▸ **Exercise details**
Copy the lines below word for word, skipping any image.

▸ **Supplied data**
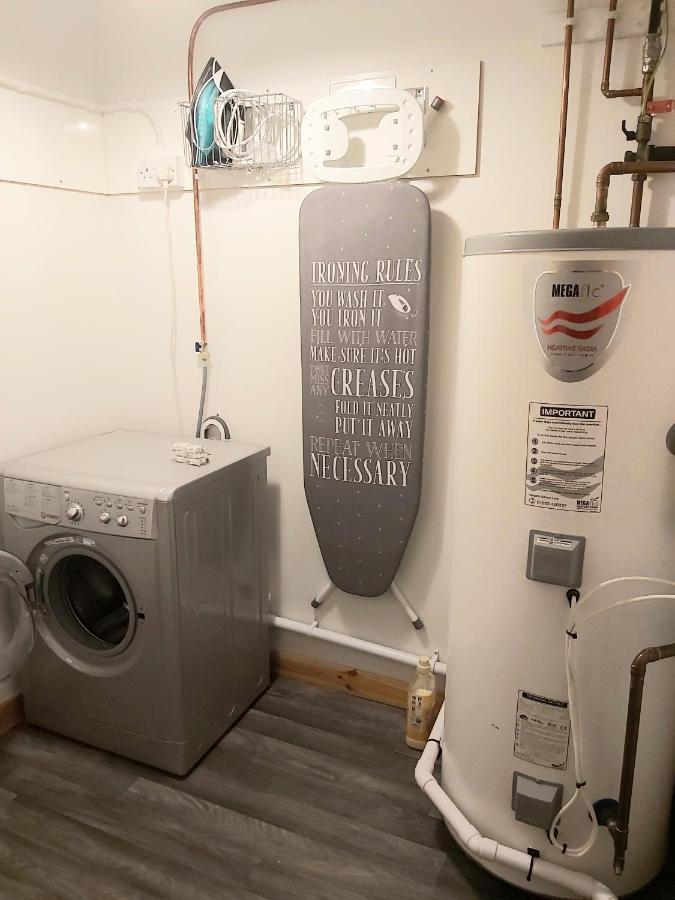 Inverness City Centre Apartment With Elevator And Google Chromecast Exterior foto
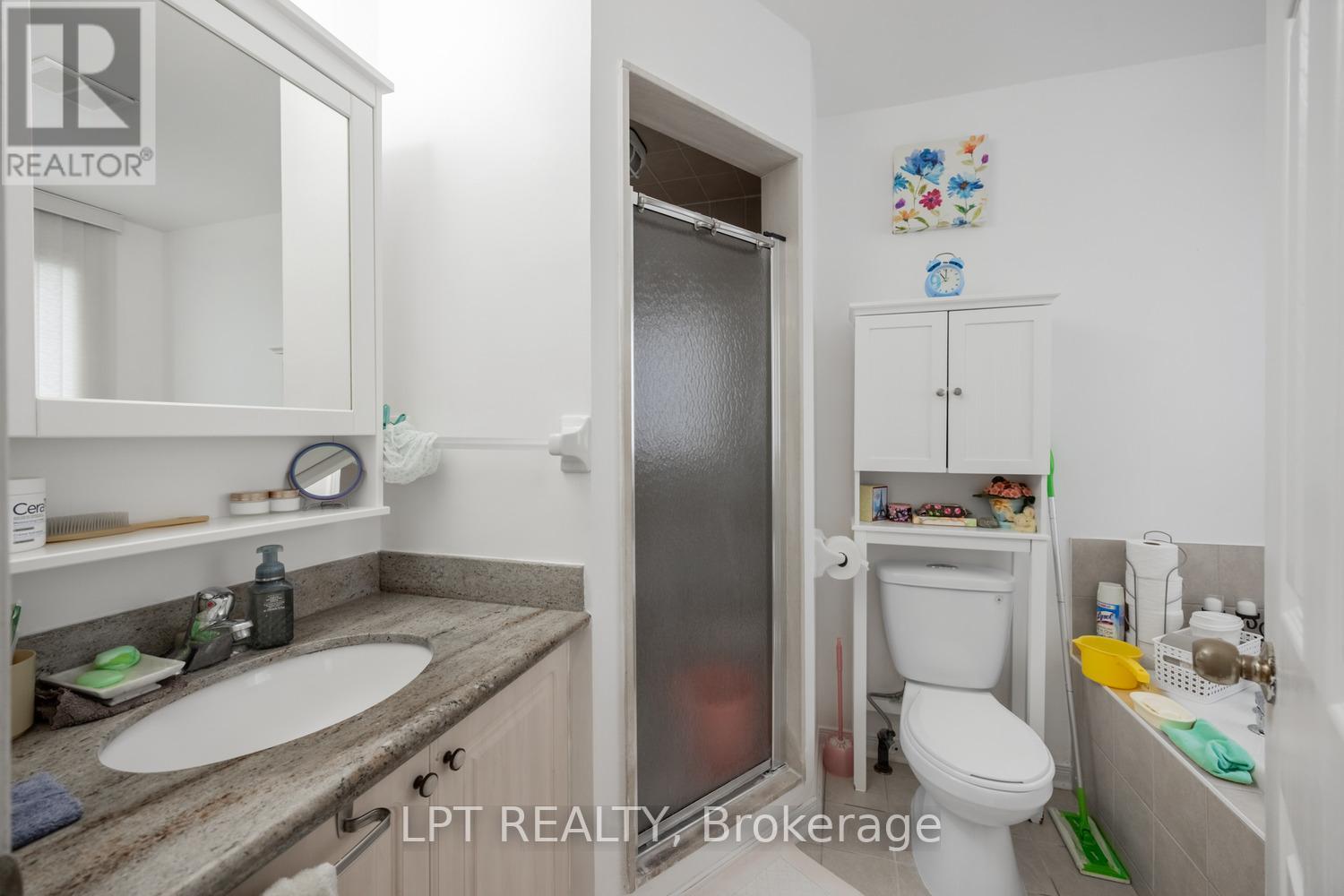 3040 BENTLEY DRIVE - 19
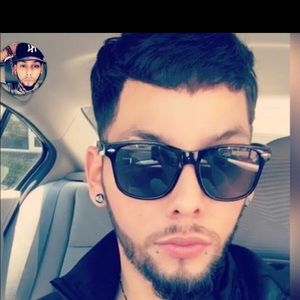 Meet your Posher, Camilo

▸ **Exercise output**
 Inverness City Centre Apartment With Elevator And Google Chromecast Exterior foto
 3040 BENTLEY DRIVE - 19
 Meet your Posher, Camilo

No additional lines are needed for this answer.